Your first book, Stigma by Erving Goffman, had a big influence on your ideas about disability.

Yes, I went back to Cambridge to do a PhD about how to understand disability and met the sociologist Anthony Gibbons and he said: ‘What are you going to do?’ And I told him my plans. He looked at me and said: ‘Goffman’, and marched off down the street!

But, actually, I had already read this book. And what is so interesting about Goffman is that he does what sociologists should do, which is to watch and to talk to people.

He was very interested in how people are different and how they deal with that in society. He wasn’t just talking about people with disabilities; he was also talking about gay people or ex-convicts or drug addicts – anybody who is different.

For him there were two types of people: those who are discredited and those who are discreditable. The discredited ones are the people whose difference is obvious and they have to manage interaction. So they come into a room and, for example, because they have a missing arm or are black in a racist society, they have to manage the interaction with people and put people at their ease. And then you have the discreditable, who are people whose difference isn’t immediately obvious. They might be gay for example. They have to manage information to ensure that people don’t discredit them.

For me he is one of the few sociologists that you can read for pleasure.

How did you identify with him personally?

Well, I have restricted growth, so obviously I am very different and so I could identify with the experiences and strategies that he described.
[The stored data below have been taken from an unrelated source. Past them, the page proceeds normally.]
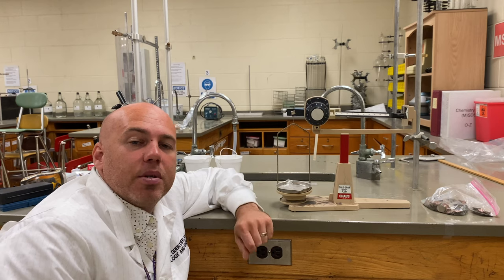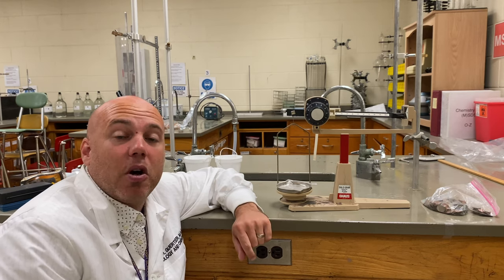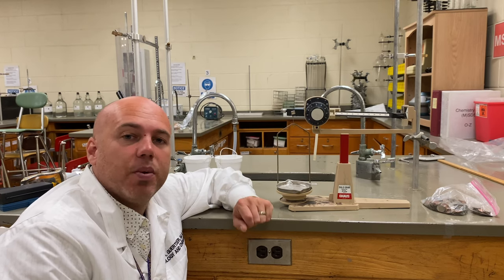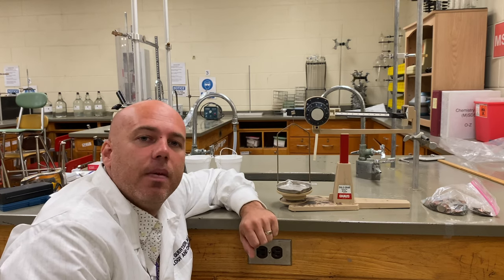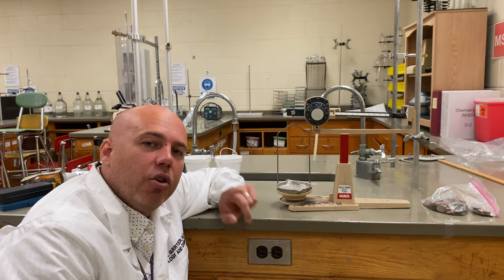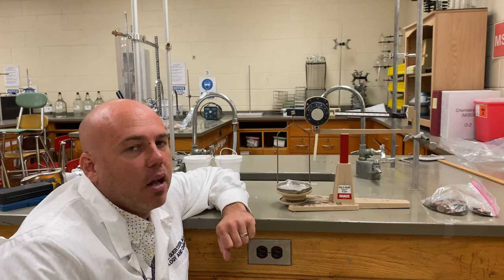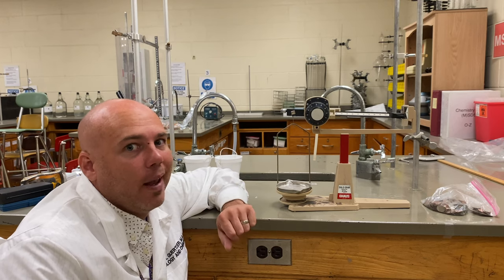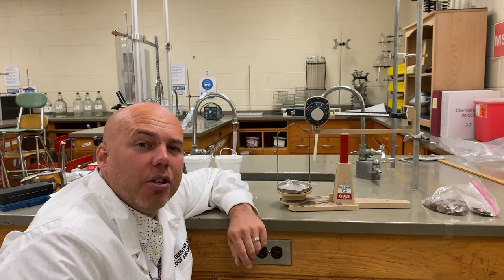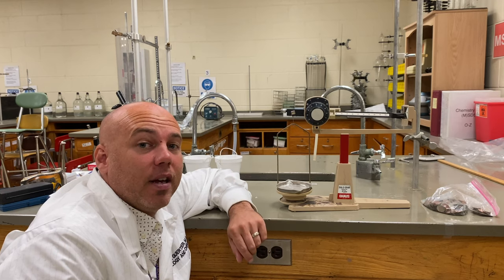Weighing samples in chemistry is important. We obtain chemicals all the time as chemists, and we need to know how much of the substance we have, so we take the mass. You're going to be doing a year-long science project, and you're going to need a mass balance. You can't afford a $1,000 mass balance — the school buys ours for us — so what you're going to do is make your own at home, and you'll be surprised at how accurate they can be.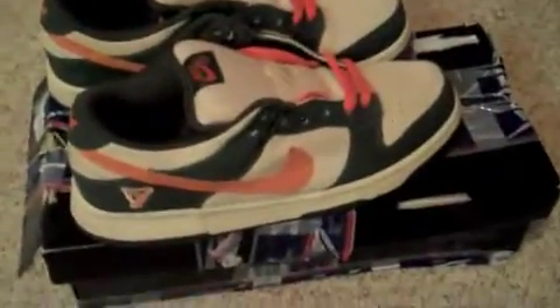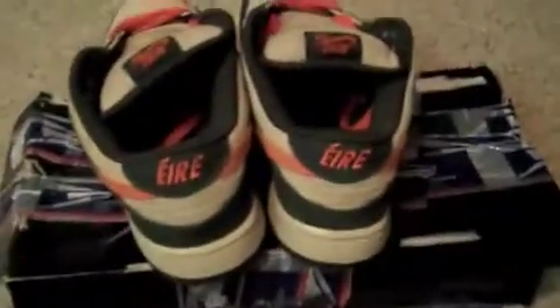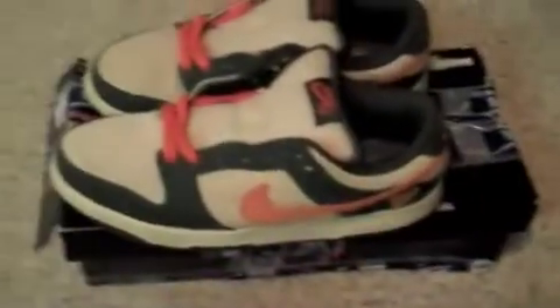This is my most recent — what's it called — SB pickup. Recently I've just been copping Nikes, so it's good coming back to the Nike SBs after a while. I'll give you an overall look of the shoe. These are nice for the summertime. Ain't really a shoe you'd want to wear in the winter, just because it has all this suede and stuff.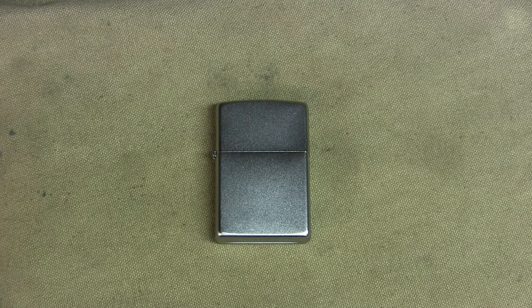Zippo dates back to 1932 out of Pennsylvania. They're still there and the design is virtually unchanged — it's been used ever since, military and civilian. Everybody's been carrying these all over the world, and nowadays they have thousands of different designs and many different takes on it.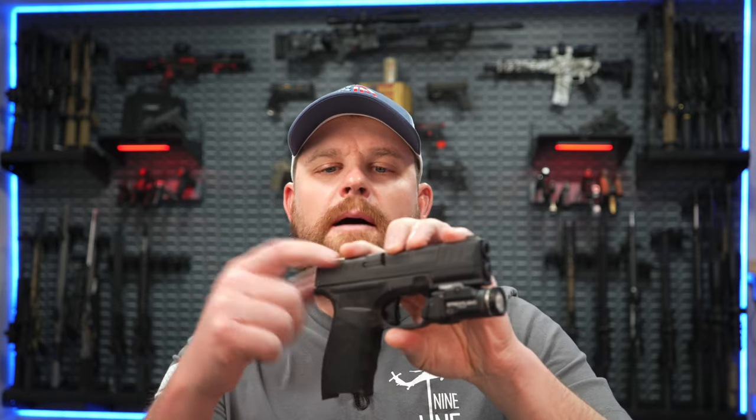What's up guys, welcome back. Today we're going to talk about the Springfield Hellcat. I just got the new optics adapter plate from C&H Precision. Now if you haven't seen my other video that I did on this, I'll link it down below. I had some problems with the first plate they sent me, so I just got the new updated version, so let's take a look at it.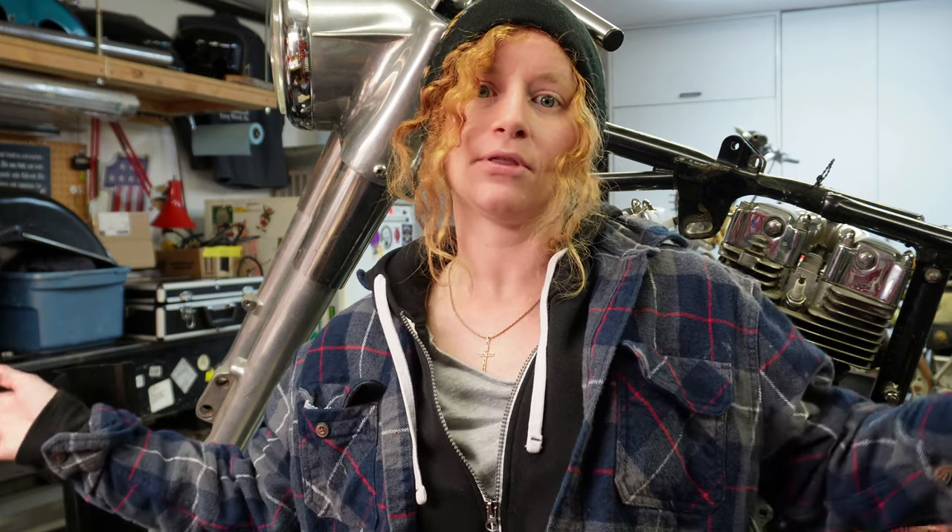I got all fresh new brake parts that just showed up in the mail, so I'm going to be rebuilding the brakes and then putting them on the bike.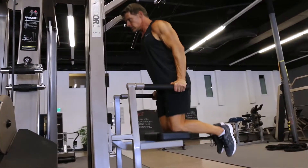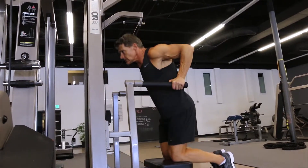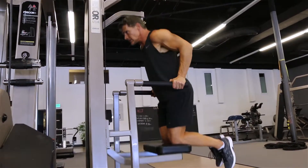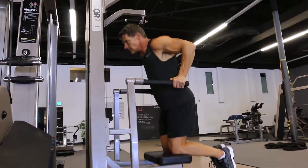The assisted dip machine is a great way to warm up and work the chest, the shoulders, and the triceps. If you flare your elbows outward, you're going to emphasize the chest. Tuck the elbows close to your sides and you emphasize triceps. Overall, dips are a great way to help you shape out the lower part of your pecs.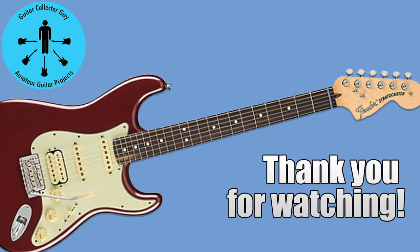If you like this video, click like, subscribe, and notify. Thank you for watching Guitar Collector Guy — really appreciate you being here, hope you come back and watch more.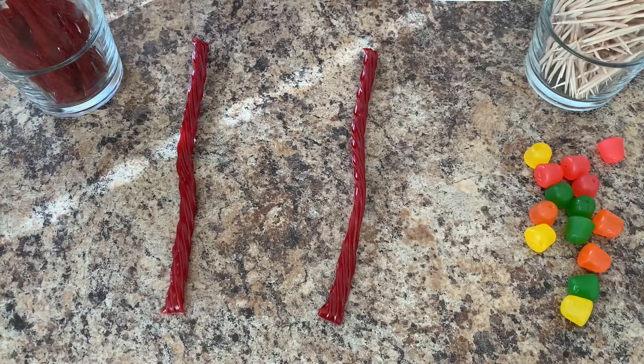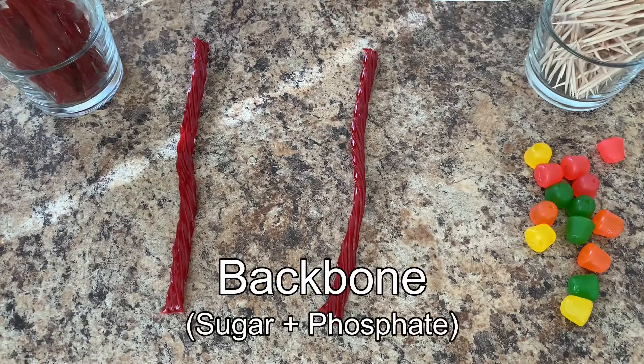Okay, so first, DNA is double stranded so we need to lay down our two licorice ropes. These will serve as the backbone of the DNA, which is made of sugar and a chemical group called phosphate.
I was growing up in mid 1980s Britain and he is talking about early 1960s America, but there were some common social rules of conduct.

In the disability world the early waves really focused on physical impairment and things like wheelchair-users and inaccessible buildings, but what they hadn’t explored sufficiently, in my view, was the interpersonal dynamics, the prejudice or the stigma, as Goffman would call it. One of my first papers looks at cultural attitudes towards people with disabilities and this helped with that.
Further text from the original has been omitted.